Lincolnshire academy threatened with closure for poor KS2 results

A primary academy in Lincolnshire faces closure for a recent run of terrible results – including the fact that less than 10 per cent of pupils reached the expected standards two years ago.

The government told St Giles Academy in Lincolnshire that its funding is to be terminated after it was rated ‘inadequate’ in October last year.

Ofsted raised numerous concerns, not least because some pupils’ behaviour at break times left others feeling unsafe. Trustees were criticised for not overseeing pupil progress properly.

The new headteacher, David Milner, was however praised for raising staff morale.

But John Edwards, the regional schools commissioner for the east Midlands and Humber, said in his letter to the Link Education Trust, which runs the academy, that the performance of pupils had been “exceptionally low” and “a concern” in recent years.

In his letter, dated 20 February, he pointed out that only seven per cent of pupils met the expected standards in reading, writing and maths in 2016.

Last year’s results were also too low, he said, when 35 per cent of pupils reached the expected standards, which was still below the local authority average of 57 per cent and the national average of 61 per cent.

Edwards does “not consider that the trust is able to make rapid and sustained improvement” and intends to close it.
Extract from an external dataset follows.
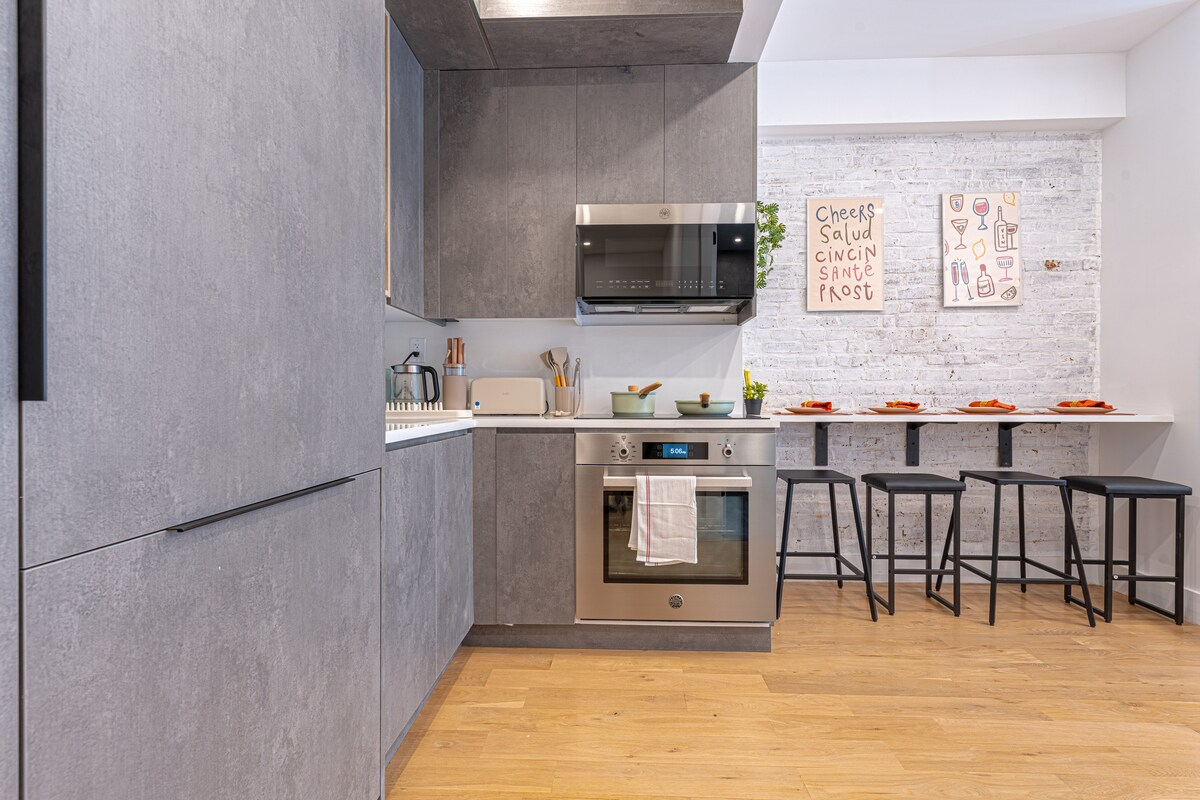 Stylish & Renovated Studio near Train W/D - Photo 5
However Milner has said he is in talks with Edwards and is certain the school has a “bright future.”

The trust had until the middle of this month to write to persuade the RSC to reverse his decision.

The government’s school data shows that reading is the area in which pupils made least progress at St Giles, with a score of -4.3, followed by -2.7 in both writing and maths.

Milner denied that the academy was set to shut, saying instead that his team was in talks with the RSC.

“St Giles Academy continues to work very hard to ensure we provide the best education for all of our pupils,” he said.

“We are currently receiving support from a local teaching school and are in regular communication with the regional school commissioner’s office.

“We are sure the academy has a bright future.”